=== Excerpted data ===
==*==

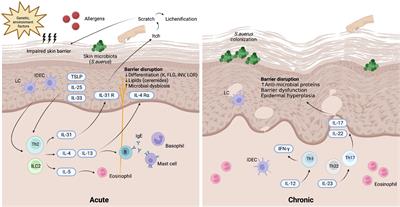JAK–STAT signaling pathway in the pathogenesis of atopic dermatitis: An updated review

==*==

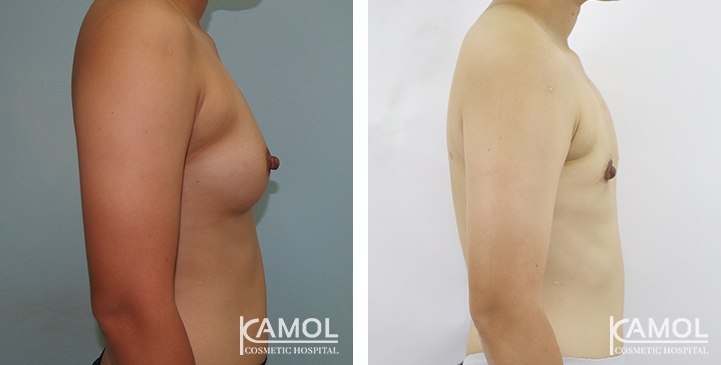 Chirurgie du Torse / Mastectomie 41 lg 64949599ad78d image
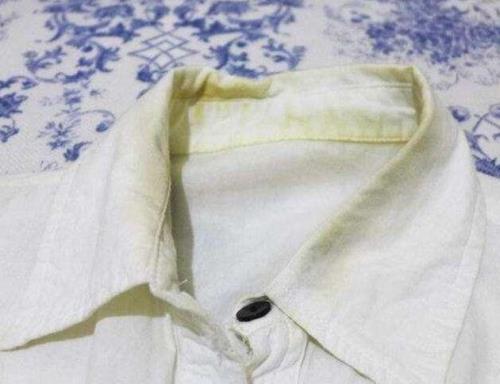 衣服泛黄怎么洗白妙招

==*==

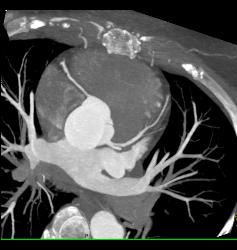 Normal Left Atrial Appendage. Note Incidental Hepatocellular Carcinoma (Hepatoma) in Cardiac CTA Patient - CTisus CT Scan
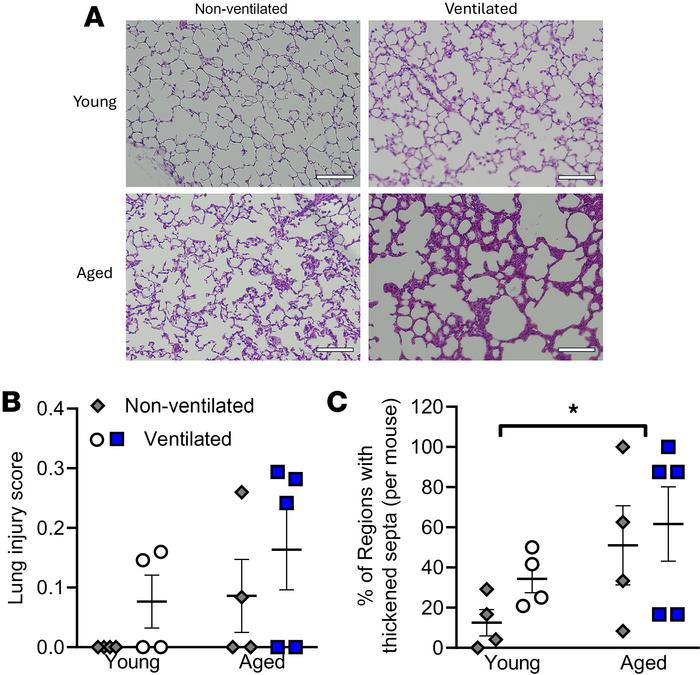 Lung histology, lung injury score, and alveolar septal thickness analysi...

==*==

=== Task item ===
Retype the lines above exactly as they appear, from the line containing "Normal Left Atrial" through the line containing "Lung histology, lung", and leave out any pictures.

=== Answer for this exercise ===
 Normal Left Atrial Appendage. Note Incidental Hepatocellular Carcinoma (Hepatoma) in Cardiac CTA Patient - CTisus CT Scan
 Lung histology, lung injury score, and alveolar septal thickness analysi...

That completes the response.